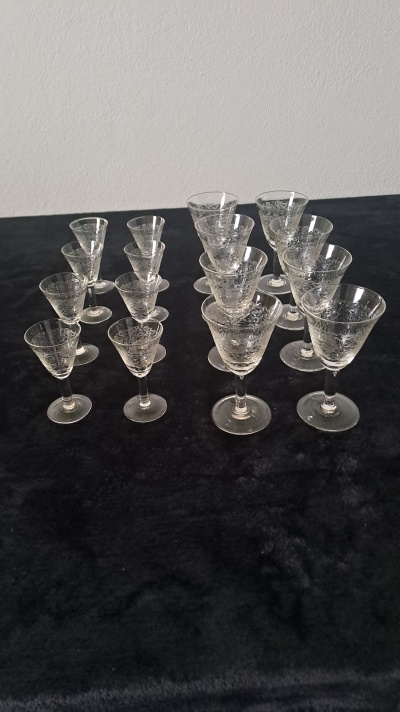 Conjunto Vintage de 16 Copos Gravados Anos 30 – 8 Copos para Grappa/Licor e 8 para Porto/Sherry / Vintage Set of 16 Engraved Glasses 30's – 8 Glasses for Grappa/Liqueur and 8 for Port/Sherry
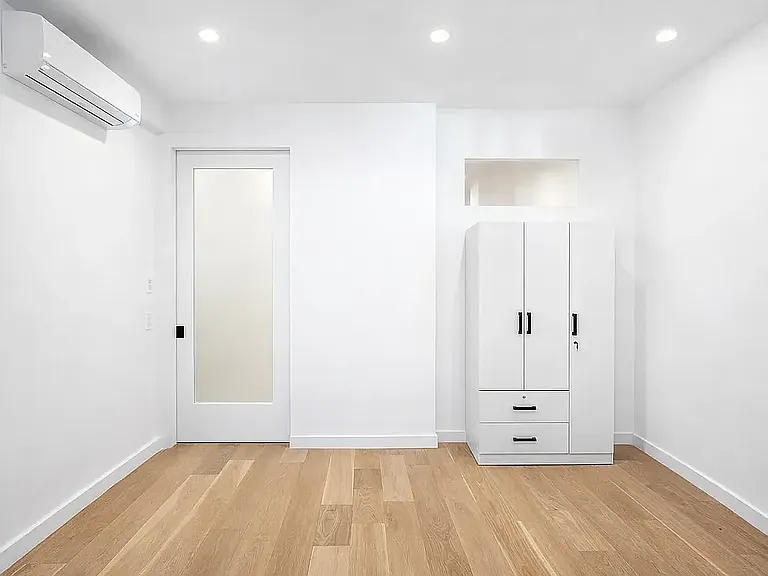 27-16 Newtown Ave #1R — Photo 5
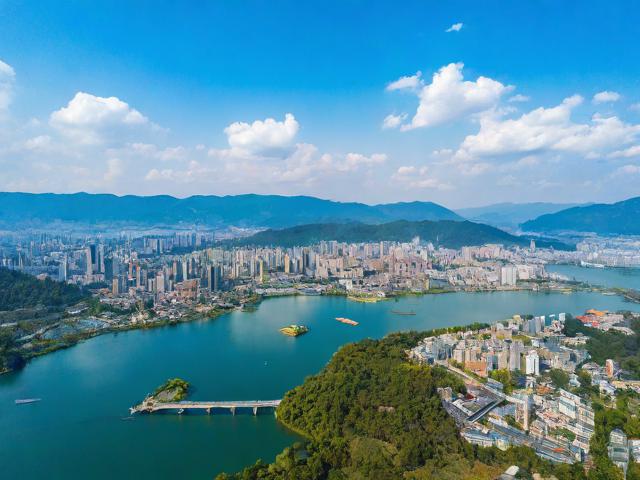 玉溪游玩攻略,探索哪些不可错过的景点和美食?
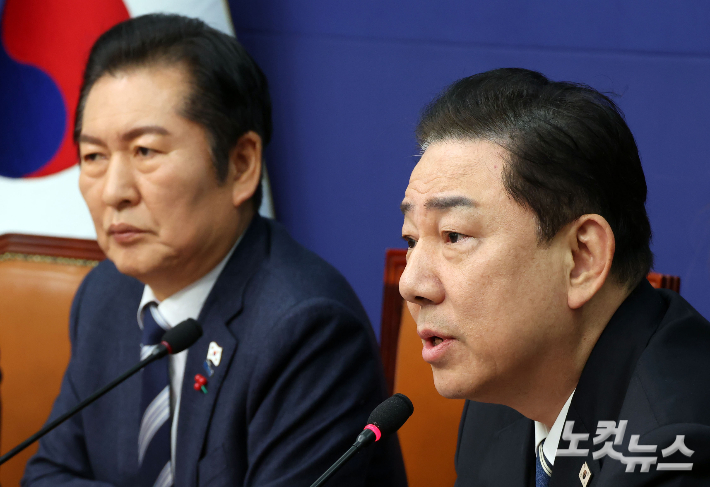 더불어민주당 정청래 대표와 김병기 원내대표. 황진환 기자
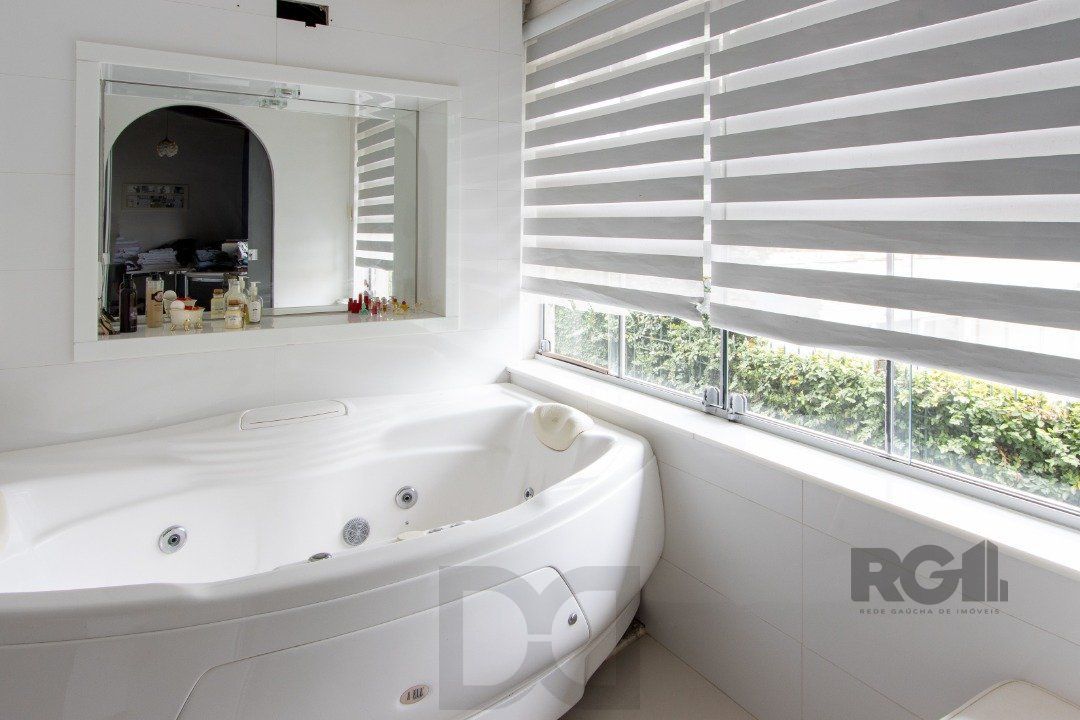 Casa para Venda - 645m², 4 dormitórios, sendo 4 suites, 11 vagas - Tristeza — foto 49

WORK INSTRUCTIONS: An exact repetition of all the records above is required, excluding the pictures.

TASK RESPONSE:
 Conjunto Vintage de 16 Copos Gravados Anos 30 – 8 Copos para Grappa/Licor e 8 para Porto/Sherry / Vintage Set of 16 Engraved Glasses 30's – 8 Glasses for Grappa/Liqueur and 8 for Port/Sherry
 27-16 Newtown Ave #1R — Photo 5
 玉溪游玩攻略,探索哪些不可错过的景点和美食?
 더불어민주당 정청래 대표와 김병기 원내대표. 황진환 기자
 Casa para Venda - 645m², 4 dormitórios, sendo 4 suites, 11 vagas - Tristeza — foto 49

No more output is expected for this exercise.